説明

水循環式コンプレッサにおける冷却水温度制御方法

【課題】簡便な制御手段により水循環式コンプレッサの冷却水の温度制御を行って、過冷や過熱を防止してコンプレッサの円滑及び安全性を確保する水循環式コンプレッサにおける冷却水温度制御方法を提供する。
【解決手段】圧縮機本体5の吐出空気温度が5℃以下になると温度センサ1によりクーラ2のモータ3のスイッチ4をOFFにして冷却水の過冷を防止すると共に60℃以上になるとスイッチ4をONにして過熱を防止する。

【発明の詳細な説明】
【技術分野】
【0001】
圧縮機本体の冷却に水を用いる水循環式コンプレッサにおいて、使用される水の氷結や過熱を防止して圧縮機本体の冷却を円滑に行わせるようにした水循環式コンプレッサにおける冷却水温度制御方法に関する。
【背景技術】
【0002】
コンプレッサとしてはその本体の冷却に冷却水を要する所謂水循環式コンプレッサが環境保全の点からも広く使用されている。
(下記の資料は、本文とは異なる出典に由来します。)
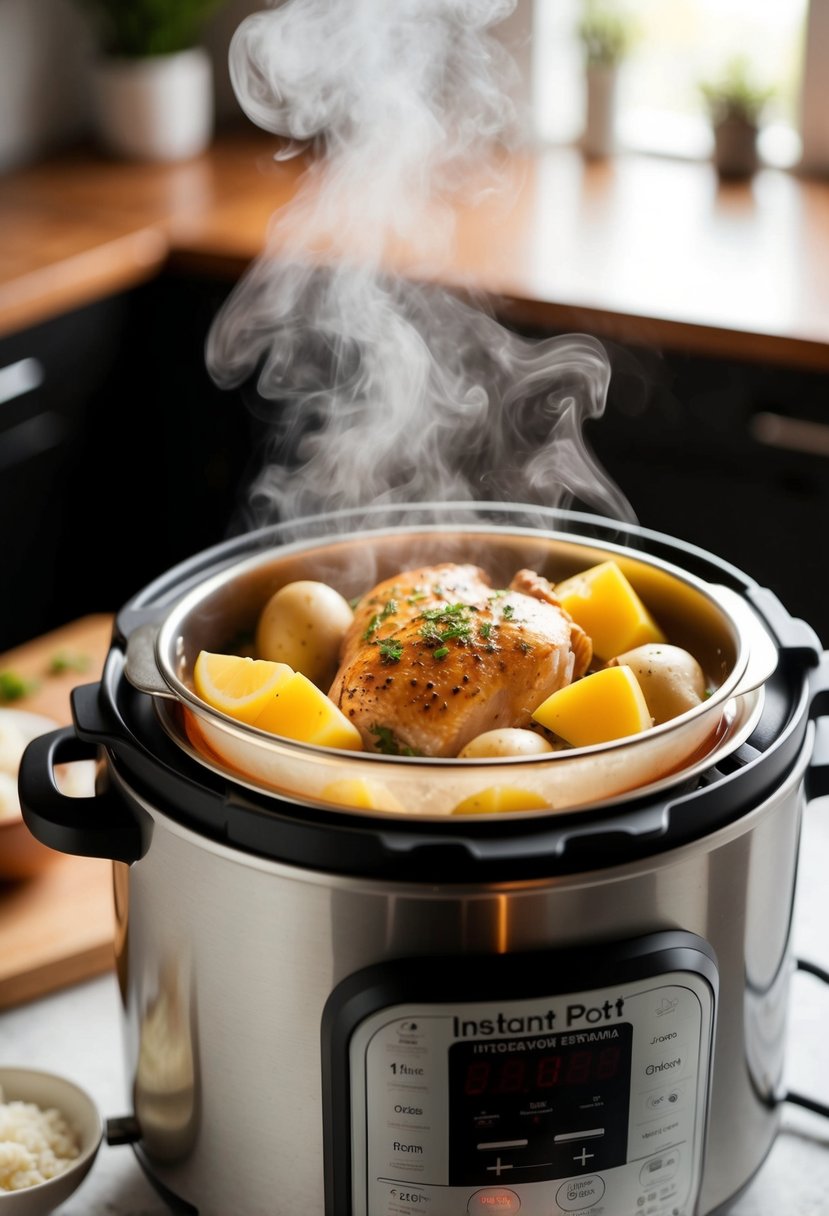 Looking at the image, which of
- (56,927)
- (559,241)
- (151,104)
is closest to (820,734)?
(56,927)

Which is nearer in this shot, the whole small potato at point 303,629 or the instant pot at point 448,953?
the instant pot at point 448,953

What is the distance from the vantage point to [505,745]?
0.94m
この種類のコンプレッサでは外気温度の変化やコンプレッサの使用状態に応じて温度変化する冷却水の温度管理をすることが圧縮機の円滑及び安全運転において必要である。勿論、水循環式でない油を用いたコンプレッサにおいても圧縮空気を冷却するアウタークーラや油冷却のためのオイルクーラ等が使用され、これ等のクーラの作動制御を行うことが従来より行われていた。その公知技術の1つとして「特許文献1」が挙げられる。
【特許文献1】特開2005−207370(図1)
【発明の開示】
【発明が解決しようとする課題】
【0003】
前記の「特許文献1」の「特開2005−207370」の「圧縮機ユニット」は、その系路に配置されているアウタクーラやオイルクーラの制御をインバータ制御によって行うものである。
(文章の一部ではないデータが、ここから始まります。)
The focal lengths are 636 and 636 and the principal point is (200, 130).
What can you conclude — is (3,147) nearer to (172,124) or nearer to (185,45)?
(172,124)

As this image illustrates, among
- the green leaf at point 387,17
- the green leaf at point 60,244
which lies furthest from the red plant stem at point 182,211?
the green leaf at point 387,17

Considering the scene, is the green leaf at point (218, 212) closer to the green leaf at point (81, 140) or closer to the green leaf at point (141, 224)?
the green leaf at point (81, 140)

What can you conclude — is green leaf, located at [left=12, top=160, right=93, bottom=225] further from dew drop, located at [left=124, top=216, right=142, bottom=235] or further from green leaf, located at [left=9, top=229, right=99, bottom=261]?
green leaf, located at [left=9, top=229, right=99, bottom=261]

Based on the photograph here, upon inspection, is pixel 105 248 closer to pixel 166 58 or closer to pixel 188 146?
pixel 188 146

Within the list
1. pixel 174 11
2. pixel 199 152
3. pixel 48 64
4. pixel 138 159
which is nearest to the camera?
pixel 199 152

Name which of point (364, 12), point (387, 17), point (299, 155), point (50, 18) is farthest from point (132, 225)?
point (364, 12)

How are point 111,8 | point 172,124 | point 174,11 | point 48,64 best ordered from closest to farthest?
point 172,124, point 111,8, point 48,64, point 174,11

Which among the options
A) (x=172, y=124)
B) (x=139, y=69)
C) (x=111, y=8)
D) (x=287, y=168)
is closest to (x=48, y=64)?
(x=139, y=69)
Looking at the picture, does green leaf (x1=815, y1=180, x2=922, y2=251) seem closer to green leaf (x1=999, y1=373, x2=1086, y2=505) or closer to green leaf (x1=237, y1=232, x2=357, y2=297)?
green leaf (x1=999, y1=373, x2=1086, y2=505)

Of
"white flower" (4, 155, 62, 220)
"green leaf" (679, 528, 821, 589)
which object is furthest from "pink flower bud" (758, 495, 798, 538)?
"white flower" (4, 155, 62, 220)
作動制御にインバータを用いることは広く使用される技術であり、細かい制御が可能であるが、そのための装置構造が複雑となり高価なものとなり、高頻度のメンテナンスも必要である。
【0004】
勿論、水循環式コンプレッサにおいても冷却水を温度制御するためのクーラの制御方法としてインバータ制御が採用可能であるが、前記のような問題点があり、より簡便で安価な制御方法が望まれる。
【0005】
水循環式コンプレッサに使用される冷却水としては外気温度の低下等により冷却水が氷結することを防止する必要があると共に、外気温度の高温化等に伴って冷却水の温度が非常に高くなることを防止する必要がある。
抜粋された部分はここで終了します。